In assessing an opponent’s showing under this second path, we stated that "the judge may consider whether the case presents as a ‘classic’ or ‘typical’ SLAPP suit, i.e., whether it is a ‘lawsuit[ ] directed at individual citizens of modest means for speaking publicly against development projects’" (citation omitted). Id. at 206, 130 N.E.3d 1242. We also identified numerous other factors that may be relevant:

"by way of example, whether the lawsuit was commenced close in time to the petitioning activity; whether the anti-SLAPP motion was filed promptly; the centrality of the challenged claim in the context of the litigation as a whole, and the relative strength of the [special motion opponent]’s claim; evidence that the petitioning activity was chilled; and whether the damages requested by the [special motion opponent], such as attorney’s fees associated with an abuse of process claim, themselves burden the [special motion proponent]’s exercise of the right to petition" (footnotes omitted).

Id. at 206-207, 130 N.E.3d 1242.

As demonstrated by the briefing in this appeal, the submissions from all the amici, and the feedback by way of recent jurisprudence from appellate justices concerning the second path, it has become clear that the second path presents numerous problems. It strays from the statutory language, See G. L. c. 231, § 59H. It shifts the focus to the motives of the special motion opponent, which must be determined based on documentary evidence alone. See Nyberg, 101 Mass. App. Ct. at 654-655, 195 N.E.3d 473 (pointing out difficulty motion judge will have "discern[ing] a party’s primary motivation" for bringing suit, on basis of documentary evidence alone, and without "a more complete evidentiary record scrutinized through cross-examination"). And it involves consideration of an open-ended list of factors, thereby inviting subjective, if not unpredictable, decision-making. See, e.g., id. at 656, 195 N.E.3d 473 (upholding allowance of special motion to dismiss, despite observing that "a different judge may have reached a different result" in conducting "second path" analysis).
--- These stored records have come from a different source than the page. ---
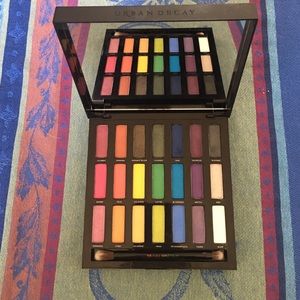 ⚡️SALE⚡️Urban Decay Full Spectrum palette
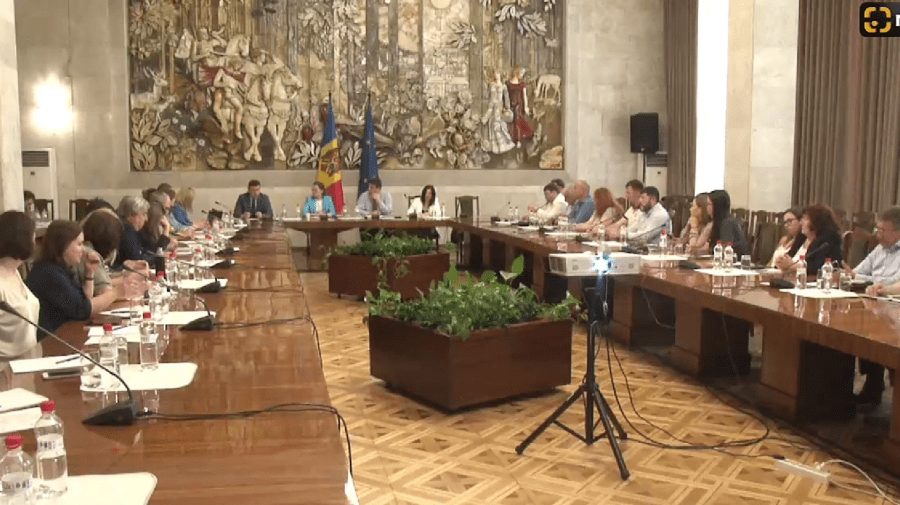 Relațiile de muncă – modernizare continuă: Problemele angajaților și angajatorilor, în vizorul CNPM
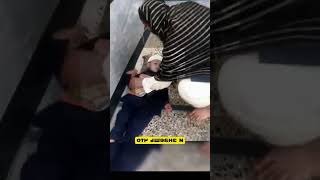 Мальчик уснул в Мечети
[3] This additional complexity further serves to lengthen the amount of time it takes for parties to litigate a special motion to dismiss, and for motion judges to rule on them. See Krimkowitz v. Aliev, 102 Mass. App. Ct. 46, 47, 200 N.E.3d 1010 (2022) ("Typically, rulings on special motions to dismiss under the anti-SLAPP statute run many pages and require difficult legal analysis"). Thus, the resolution of these motions may span years and result in significant attorney’s fees. See Exxon, 489 Mass. at 728 n.5, 187 N.E.3d 393, and cases cited. All the while, discovery in the case is automatically stayed. See G. L. c. 231, § 59H, third par. And because the statute requires that the resolution of such motions must be prioritized, the current anti-SLAPP framework has a significant impact on a trial court’s ability to manage its docket in an orderly and efficient manner. See Exxon, supra. In short, while special motions to dismiss were designed to "be resolved quickly with minimum cost to citizens who have participated in matter of public concern," resolution under the augmented framework has become anything but. Duracraft, 427 Mass. at 161, 691 N.E.2d 935, quoting 1994 House Doc. No. 1520. Accordingly, for all these reasons we eliminate the second path set out in Blanchard I and Blanchard II.

[4, 5] We also overrule the additional requirement set forth in Blanchard I, 477 Mass. at 155-156, 75 N.E.3d 21, and further explicated in Reichenbach, 92 Mass. App. Ct. at 574, 90 N.E.3d 791, that the motion judge parse the factual allegations underlying each claim to determine whether a portion of the opponent’s cause of action could be construed as being based on the proponent’s petitioning alone. We begin with the recognition that "the statute does not create a process for parsing counts to segregate components that can proceed from those that cannot." Ehrlich, 74 Mass. App. Ct. at 536, 908 N.E.2d 797. Engaging in such parsing has likewise significantly complicated and delayed the resolution of these cases. Furthermore, as this court cautioned in Duracraft, 427 Mass. at 166-167, 691 N.E.2d 935, we must always be aware that both proponents and opponents of special motions to dismiss are engaged in petitioning activity, requiring courts to proceed cautiously when the protection of a proponent’s petitioning activity interferes with an opponent’s own legitimate petitioning rights.

Both sides have, a right to file suit, i.e., petition, for the redress of grievances. See Sahli v. Bull HN Info. Sys., Inc., 437 Mass. 696, 700–701, 774 N.E.2d 1085 (2002) (acknowledging "constitutional right to seek judicial resolution of disputes under the First Amendment to the United States Constitution and art. 11 of the Massachusetts Declaration of Rights" [footnotes omitted]).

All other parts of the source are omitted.